21 autumn driving safety tips
There is much to love about autumn, from the season’s first early morning frost to the new warm hues of nature’s changing colour palette. But the arrival of autumn also brings additional hazards to the roads – some obvious, others less so. Be prepared for these challenges by mulling over our list of autumn driving safety tips, as well as advice on how to handle other common seasonal issues.
Autumn driving safety tips: slippery roads
• Wet, fallen leaves are extremely slippery and can obscure road markings or conceal other hazards, such as potholes. So take greater care when driving through rural areas by reducing your speed – especially around corners – and paying close attention to your lane discipline.
• Morning frost can create icy patches on shaded areas of the road and across bridges and overpasses. Take extra care by reducing your speed.
• Autumn coincides with deer breeding season, so be extra careful driving through rural and wooded areas, especially during sunrise and sunset times when deer are most active. Take special note in areas where deer warning signs are displayed.
• Prepare your car for colder weather by ensuring fluids such as engine coolant and windscreen wash are at the correct dilution and topped-up.

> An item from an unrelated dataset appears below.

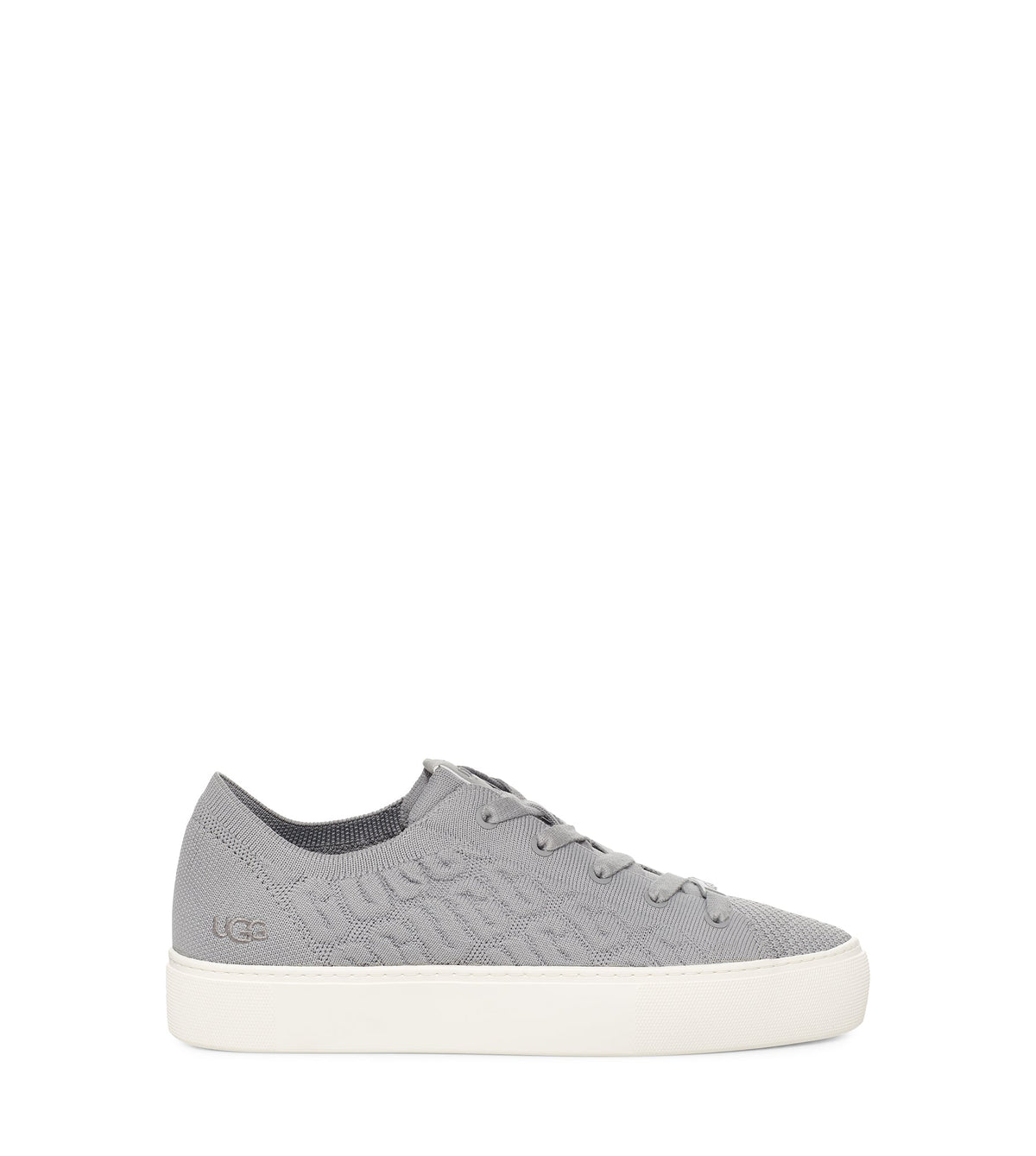 UGG - Unisex Dinale Graphic Knit Sneaker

Visit our official eBay store to replenish your supplies.
• October is Tyre Safety Month, so check that your tyres have sufficient tread depth – we recommend a minimum of 3.0mm.
• Clear leaves from your vehicle, especially around the scuttle panel directly under the windscreen, as these can block drainage holes and get caught under your windscreen wiper blades.
• Consider fitting cold weather tyres, which dramatically improve grip and stability when ambient temperatures are less than seven degrees Celsius.
Autumn driving safety tips: low sun
• If the sun is not too low, use your visor to create some shade for your eyes.
• Reduce your speed to increase the safety margin between you and the car in front.
• Keep the inside and outside of your windscreen clean to reduce the effect of glare and the possibility of creating condensation.
Autumn driving safety tips: rain and floods
• Rain reduces your visibility and increases stopping distances. So it is advisable to double the distance between you and the car in front.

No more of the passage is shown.